By your post and comments it certainly sounds like you need to get a machine/assembly shop involved. Make sure you use solid ARP rod bolts as well.

Also what is the budget here?

budget is around 2-3 for the bottom end, everything else i already have sorted out. i refuse to do a rb30. i just need more of a guideline to start with so i can order in some parts. don't want to miss my event.

You will need the matching girdle for the block you cant just use any old one as they are machined to size as a pair, as for bearings i would recommend ACL race series RB26 bearings, they come in two (2) sizes for standard journal size and that is 7M2428H & 7M2428HX, the HX's give you extra clearance than H's it all comes down to fitting them to your block and measuring the tunnel size then measure the crank and see what clearance you require.

Compression ratio between 8.5:1 to 9.0:1 will suffice.

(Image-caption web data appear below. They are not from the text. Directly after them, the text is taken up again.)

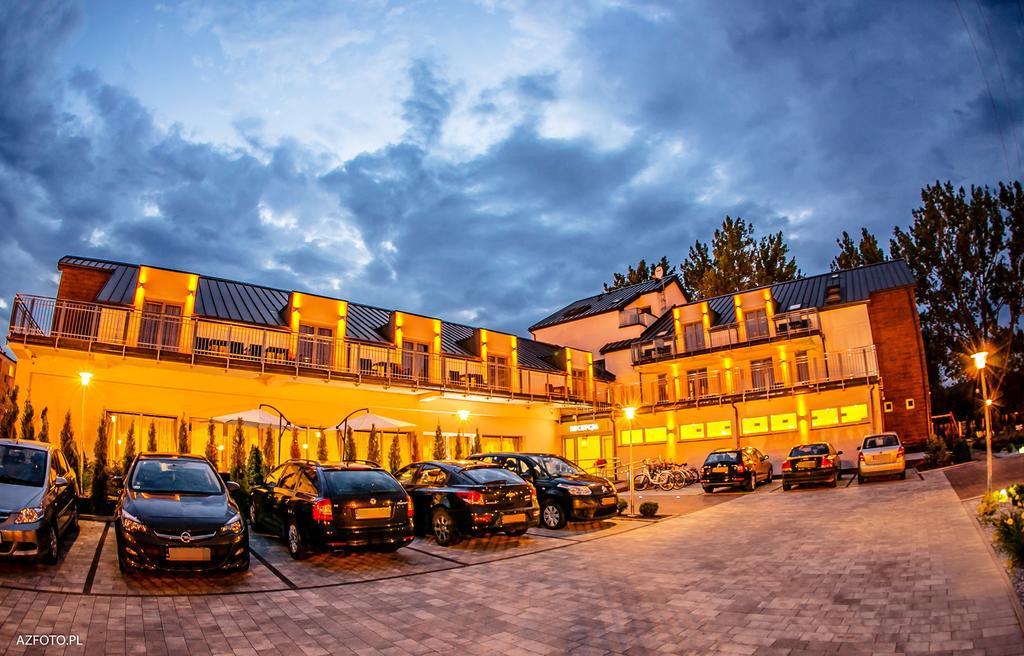 Pensjonat & Spa Raj Rajgród Exteriör bild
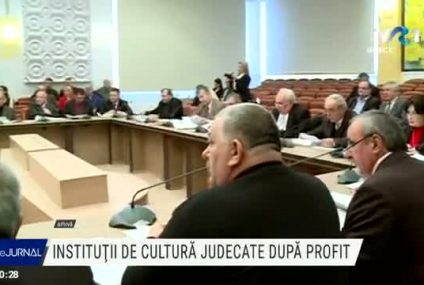 Instituții de cultură judecate după profit. Protest al artiștilor orădeni: Consiliul Județean vrea să reducă cheltuielile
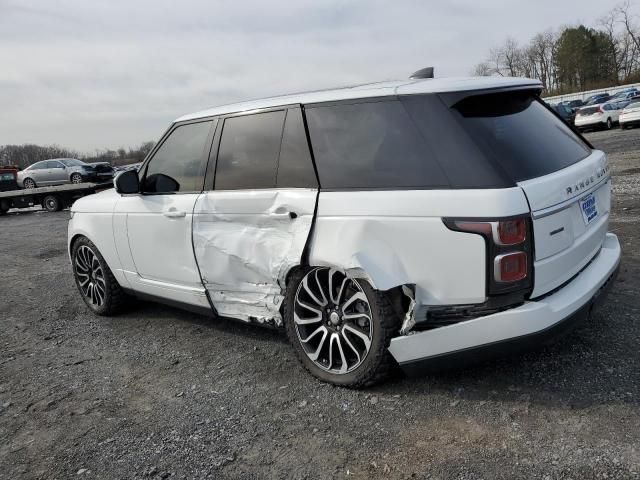 2018 Land Rover Range Rover HSE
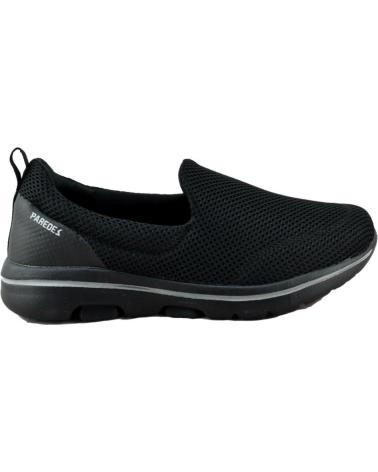 Woman Zapatillas deporte PAREDES DANU LD22195 SNEAKERS MUJER NEGRO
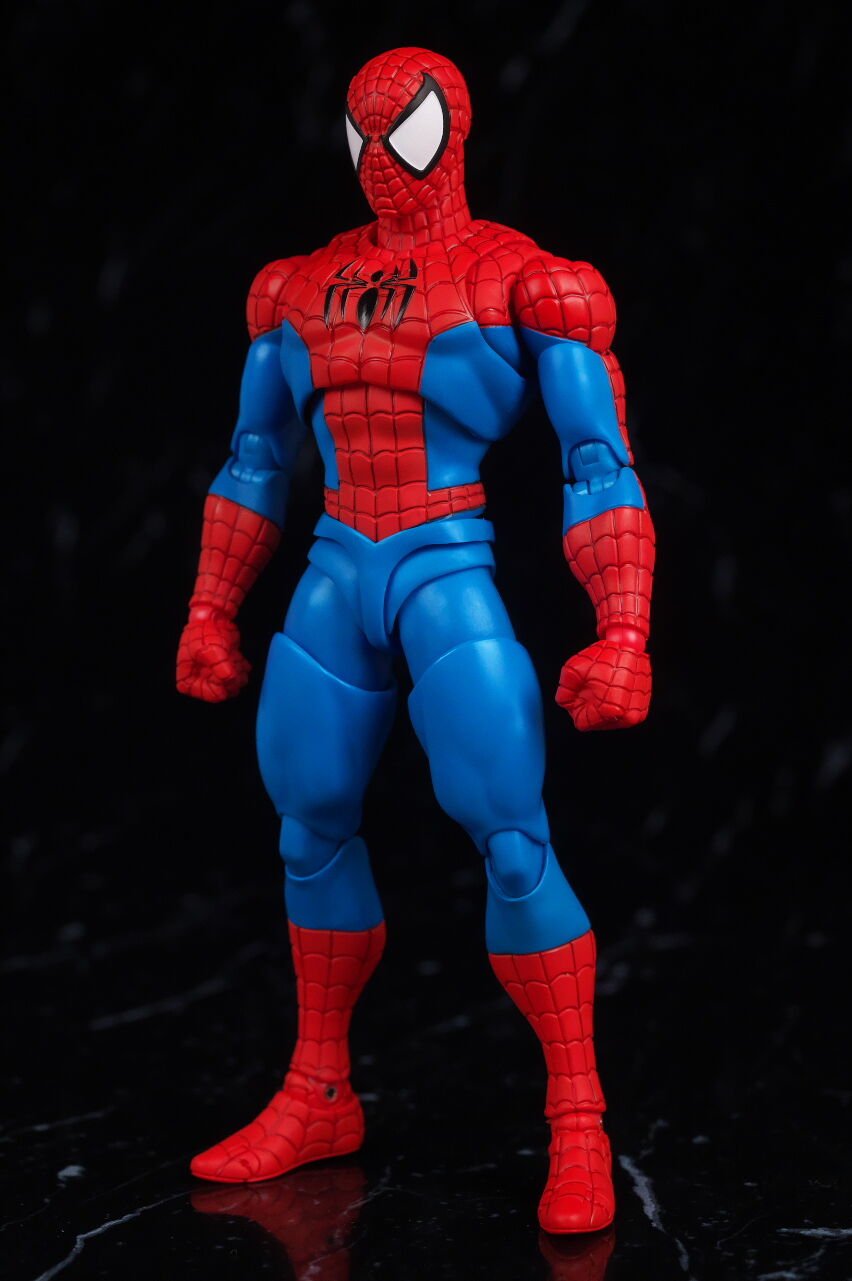 S.H.フィギュアーツ スパイダーマン (GAMERVERSE) レビュー : はっちゃか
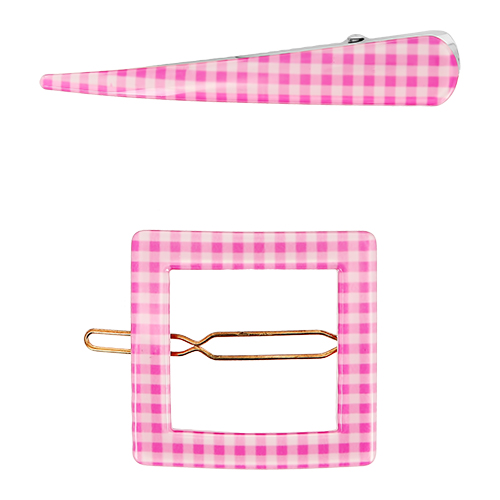 

Набор заколок LADY PINK plastic 2 шт
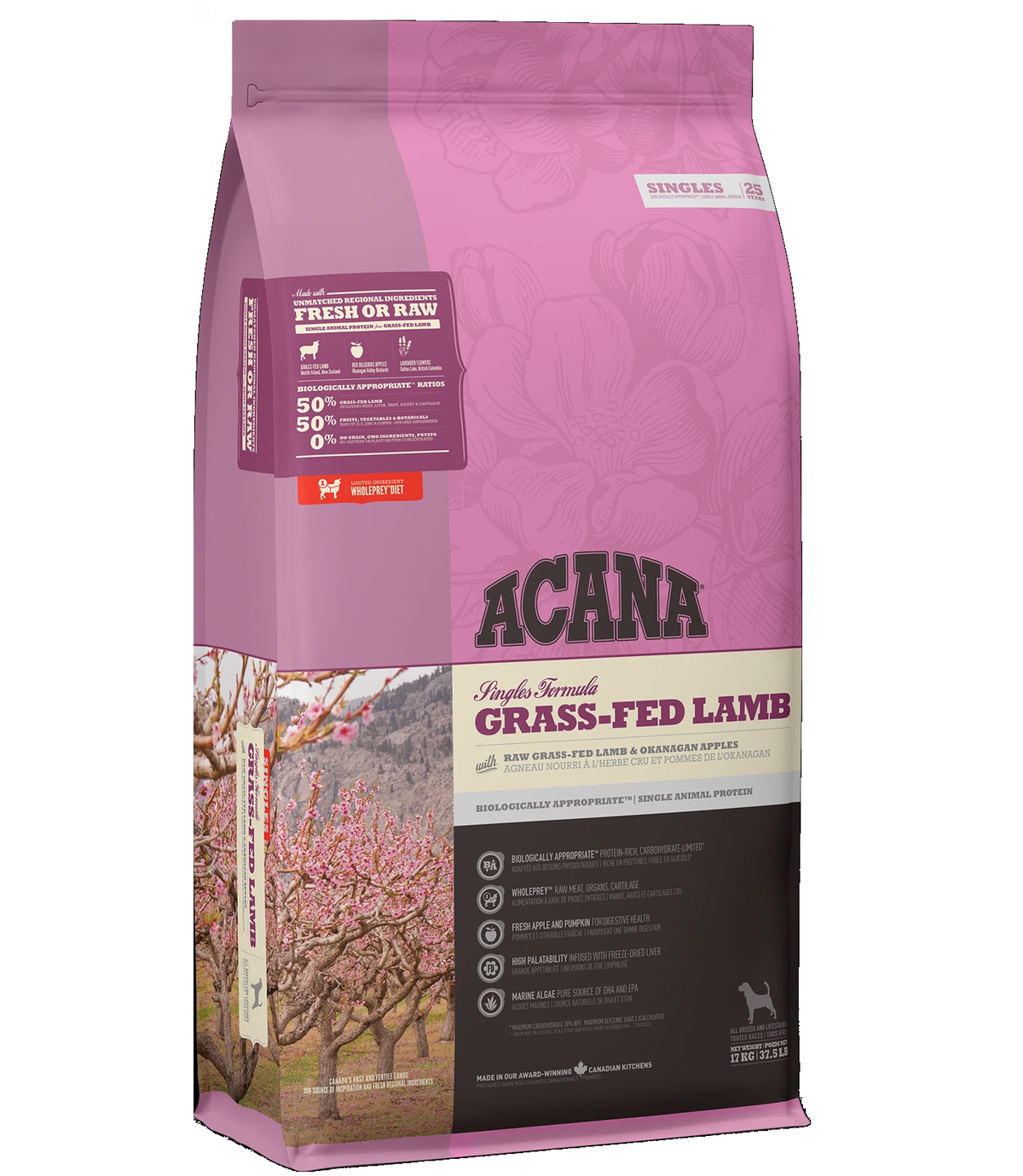 Acana Grass-Fed Lamb 17kg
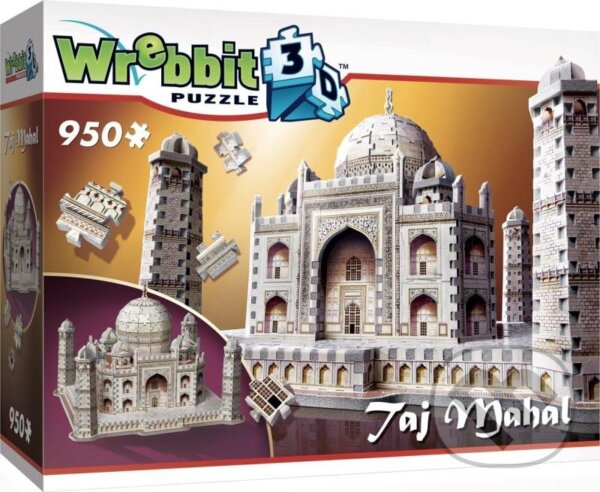 Puzzle: Puzzle 3D Taj Mahal (Wrebbit - MB). Wrebbit - MB, 2023 Puzzle: Puzzle 3D Taj Mahal (Wrebbit - MB). Wrebbit - MB, 2023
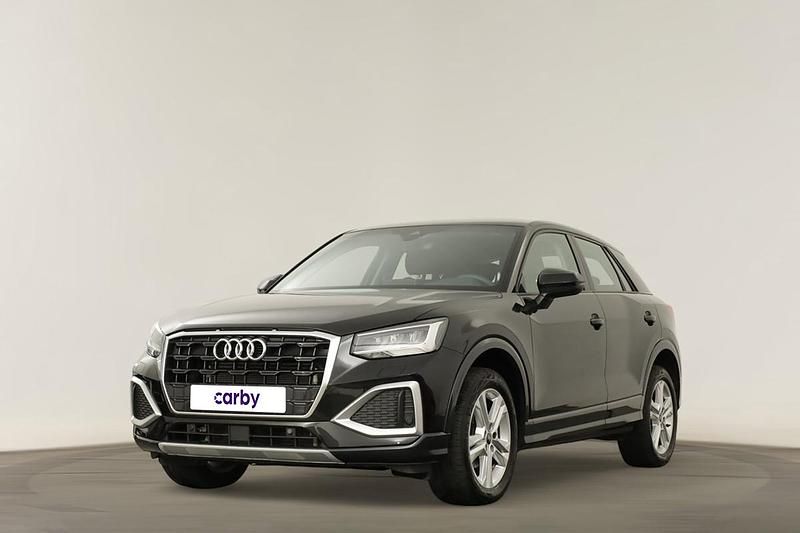 Usado Audi Q2 Advanced 110 HP (80 kW) 2024 Preto SUV
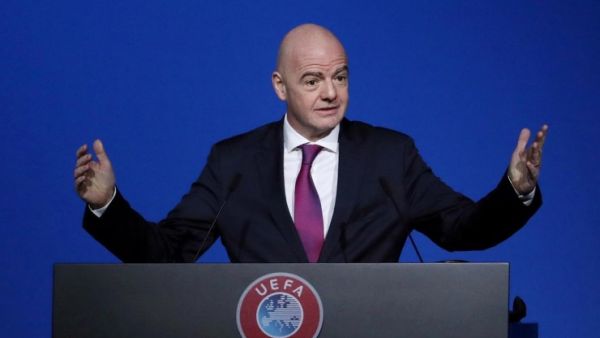 Gianni Infantino (Photo: BNA)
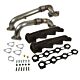 BD Diesel 1041484 Exhaust Manifold & Up-Pipes Set Powerstroke 6.4L Ford 2008-2010 F-Ser SuperDuty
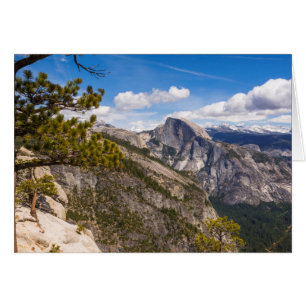 Half Dome paysage, Californie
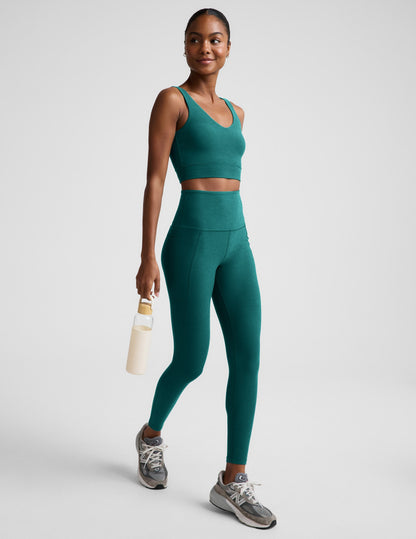Beyond Yoga Spacedye Out Of Pocket High Waisted Midi Legging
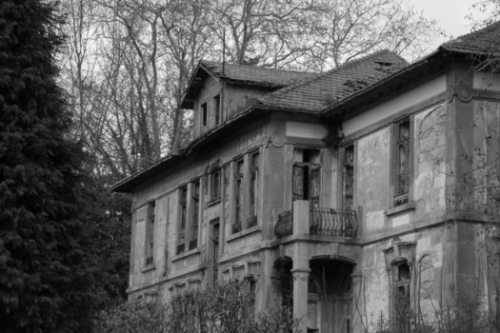 The Mansion - Interactive Fic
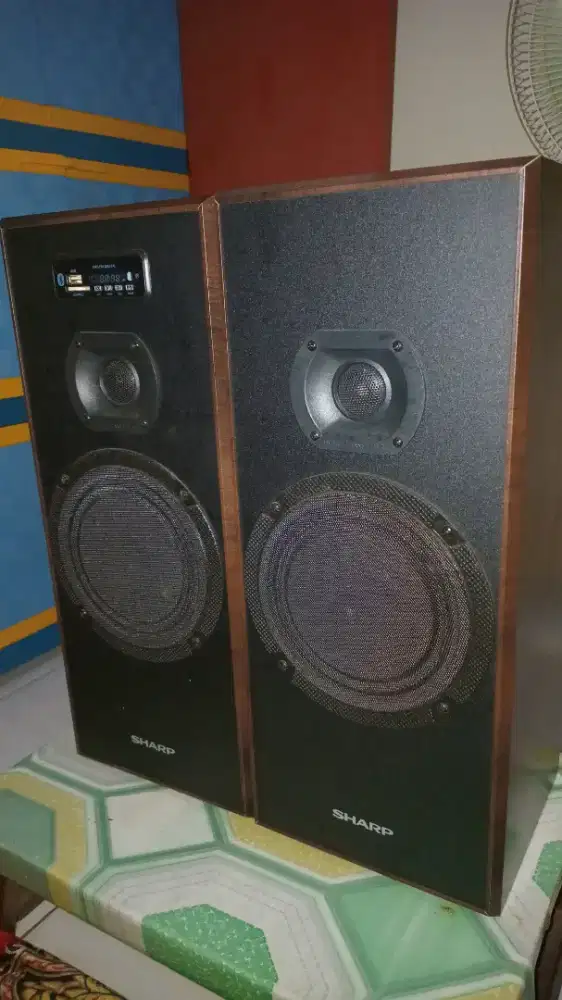 Speaker aktif SHARP CBOX-B635UBO 6 INCH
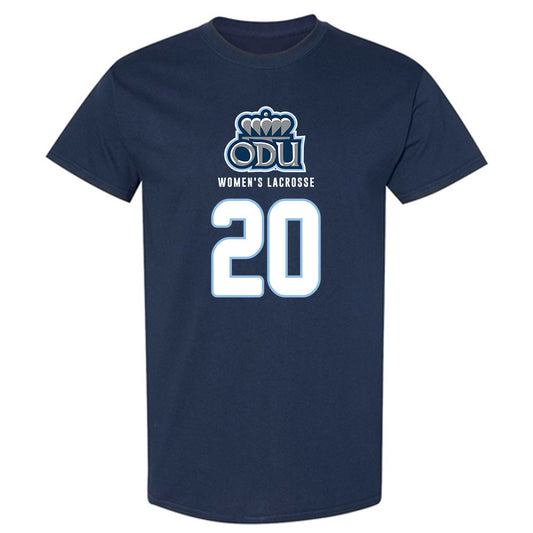 Old Dominion - NCAA Women's Lacrosse : Macy Steinwedel - Replica Shersey T-Shirt-0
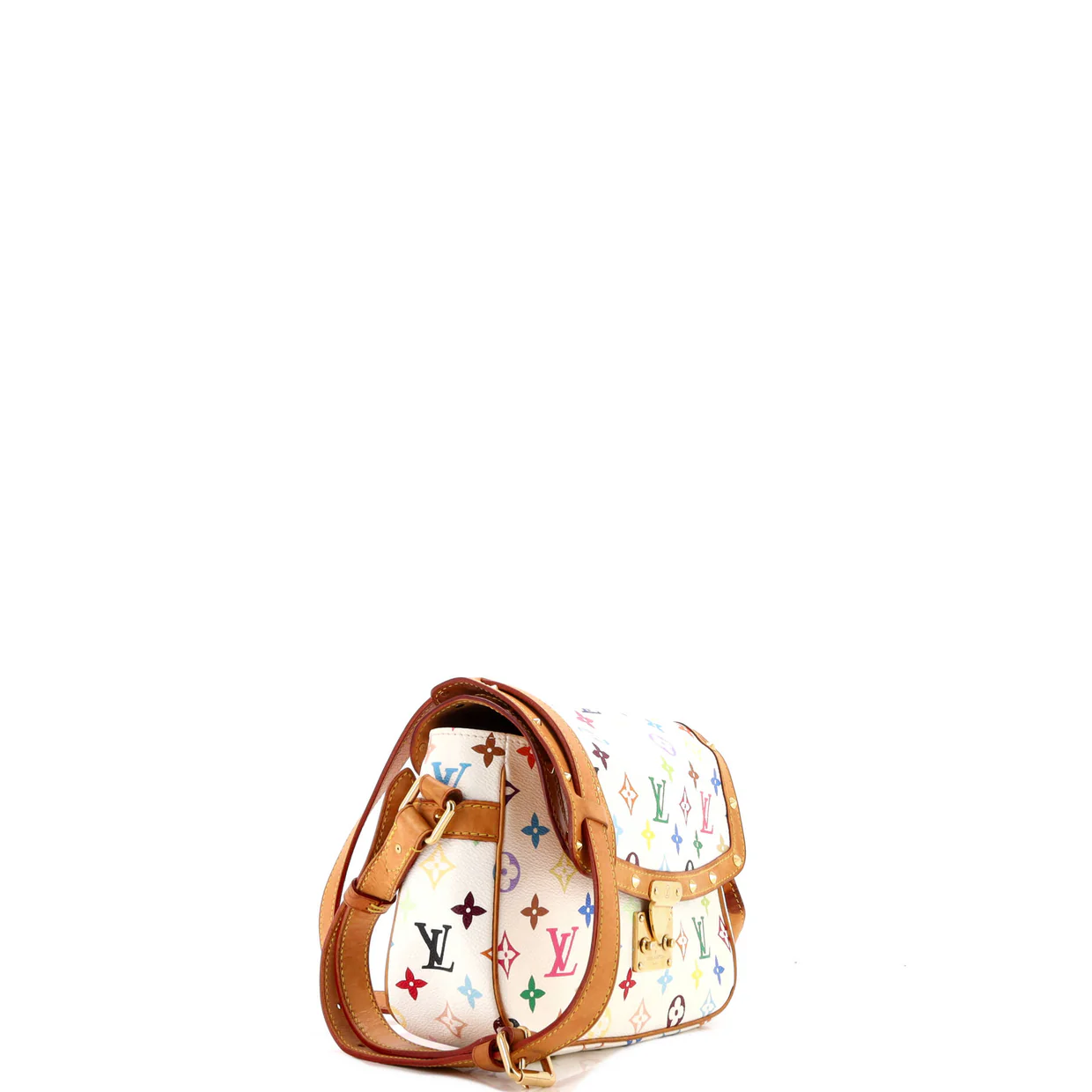 Sologne Handbag Monogram Multicolor - Deep Luxury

As for camshafts if you want to run Non VCT then yes the VCT feed will need to be blocked off, to do so i normally tap the hole on the underside of the head and fit an A plug in it you also have to remove the brass segmented oil gallery plug at the front of the head and replace it with a normalplug like the rest of them and in the front intake cam journal the bigger hole also requires blocking. i would also leave the drain from the front exhaust side of the head to block in place as for restrictors you can fit some 1mm ones but if your retaining a hydraulic lifter setup i would not block one of them off as they require plenty of oil to keep them lifters filled up.

Also if not already done i would recommend drilling the 5 internal oil drains in the head and block to a bigger diameter.